“Alpaslan Ataman, Sedad Hakkı Eldem’in Osmanlı sivil mimarlığı için yaptığını Osmanlı kamusal mimarlığı için yapmış; külliye komplekslerinin ardındaki mekânsal mantığı yalın mimari anlatımlarla ifade edilebilir bir sistem olarak yeniden kurmuştu.”
18 Mart 2020 11:55
Dün (17 Mart 2020) yitirdiğimiz mimar Alpaslan Ataman, Sedad Hakkı Eldem’e “Türk Evi” kitaplarının yayınında destek verdikten sonra onun Osmanlı sivil mimarlığı için yaptığını Osmanlı kamusal mimarlığı için yapmış; Fatih, Süleymaniye gibi İstanbul’a damga vurmuş anıtsal örneklerinden mahalle ölçeğine o evlerdeki sivil yaşantıya kamusal hizmet veren külliye komplekslerinin ardındaki mekânsal mantığı yalın mimari anlatımlarla ifade edilebilir bir sistem olarak yeniden kurmuştu.
Alpaslan Ataman'ın tasnifiyle, bir göz yapıdan türeyip külliyeleri meydana getiren üniteler.

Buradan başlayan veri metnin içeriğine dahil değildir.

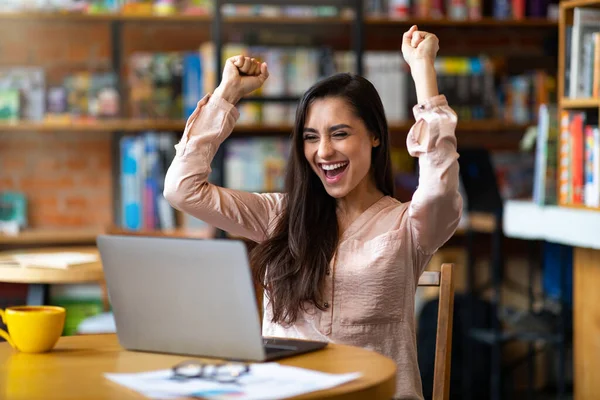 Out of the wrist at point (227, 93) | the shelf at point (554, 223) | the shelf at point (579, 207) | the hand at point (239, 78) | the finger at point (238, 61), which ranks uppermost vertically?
the finger at point (238, 61)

Bir Göz Yapıdan Külliye’ye adlı eseri, daha önce herhangi bir orijinal veya yeni kaynakta açıklanmamış pek çok şeye açıklık getiriyordu: Mevcut yol sistemine teğet ortogonal geometrik sistemle Bağdat’la Belgrad arasında birer günlük yol mesafesiyle konumlanmış menzil (kervan) külliyelerinden, Üsküdar’daki minör Şemsi Paşa’ya, farklı programlarla yüklü, yaşları yüzyıllara yayılmış bütün külliyelerin mekânsal yapılanışını kavramak ve yeniden üretmek bu bakışla mümkün oluyordu. Konuşmaya başladığı an ortamı saran tutkulu zekâsı ve coşkusuyla kurumların göze alamadığı bu zor işe girişti, istikrarlı inadıyla da bu zor projenin üstesinden geldi.

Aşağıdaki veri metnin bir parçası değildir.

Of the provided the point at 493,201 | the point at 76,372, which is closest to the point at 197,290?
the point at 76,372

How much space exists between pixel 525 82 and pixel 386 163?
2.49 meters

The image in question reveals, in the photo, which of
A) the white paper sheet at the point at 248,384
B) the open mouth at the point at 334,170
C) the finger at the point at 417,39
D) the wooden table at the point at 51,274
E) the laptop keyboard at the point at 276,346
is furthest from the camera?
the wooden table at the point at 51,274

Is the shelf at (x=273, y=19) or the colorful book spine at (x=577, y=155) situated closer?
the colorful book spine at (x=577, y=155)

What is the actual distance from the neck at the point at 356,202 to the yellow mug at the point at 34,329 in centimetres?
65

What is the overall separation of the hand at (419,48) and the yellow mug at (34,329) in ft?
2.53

Üsküdar Atik Valide külliyesi, aksonometrik perspektif çizimi.
Gülru Necipoğlu, Sinan Çağı, çev. Gül Çağalı Güven, İstanbul Bilgi Üniversitesi Yayınları, 2013, s. 202.
Üsküdar Şemsi Paşa külliyesi
Daha epeyce yerli-yersiz kullanılacağı besbelli külliye sözcüğü bundan böyle müellifinden mahrum kalan kitabın vesayetinde olacak. Mimarlar Tasarım Yayınları’nca yayımlanmış ve çoktan baskısı tükenmiş kitabın yeni baskıları için de Janus veya YEM gibi yayınevleri geliyor öncelikle akla.
Ataman’ın külliye ve sivil mimarlık ünitelerini oranlayarak bir araya getirdiği özgün çizimi.
Külliyeleri var eden muazzam tipolojik sanayiye, temeli yalnızca Osmanlı mimarisinde kullanılan ve “göz” dediğimiz yapı birimine dayanan kentsel bir mimari sistem olarak bakan Alpaslan Ataman’ın mimariye katkısı külliyeyle sınırlı da değil: Herhangi bir vesileyle onun tutkulu anlatısından mimarlık yorumu işitmiş olan mimarların bundan böyle onu hatırlamadan işlerini sürdürmeleri zor olacak.